Leonid,

You propose two models

Model 1: TVCL=THETA(1)*(WT/70)^(3/4)  + THETA(2)*(WT/70)^(3/4)
Model 2: TVCL=THETA(1)*(WT/70)^(3/4)  * (CRCL/BSA)^GAMMA

As you say, Model 1 clearly is not identifiable to distinguish THETA(1) and THETA(2). An identifiable model would be:

Model 3: TVCL=(THETA(1) + RF*THETA(2))  * (WT/70)^(3/4)

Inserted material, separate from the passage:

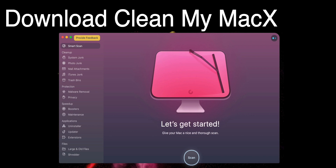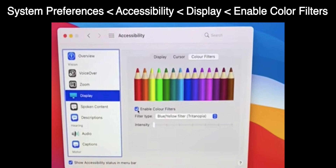Then use whatever you want and the screen won't flicker. Fix number 3: Go to System Preferences, then go to Accessibility, then go to Display. Click on Color Filters and then click on Enable Color Filters.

Here RF is the renal function. Note I use renal function as a relative measure of the function of the kidney which is the way it is typically used in clinical practice e.g. one says 'this patient has normal renal function' or 'this patient has poor renal function'. In previous publications (eg. see Mould 2002, Matthews 2004, Anderson 2007) I have used the RF factor to identify the relationship between a biomarker such as CLcr and the renal component of clearance. Note that RF is size independent. Size is applied, independently, to both the non-renal (THETA(1)) and the renal clearance (THETA(2)) through theory based allometric scaling.

Model 3 is mechanism based and can be used to test mechanistic hypotheses e.g. is renal clearance linearly related to RF? and extended e.g. is there a drug interaction on non-renal clearance with a known metabolism inhibitor which is not expected tochange renal elimination?

Model 2 is quite empirical. It uses BSA for scaling althought this is known to have a poor theoretical foundation and is worse than theory based allometry using WT^3/4 when these models are tested using GFR in relation to size (Rhodin 2008). The gamma parameter has no physical intepretation. The model cannot distinguish the effect of a metabolic inhibitor on non-renal clearance. I cannot see any point in using this model unless you are just a statistician interested in generating P values.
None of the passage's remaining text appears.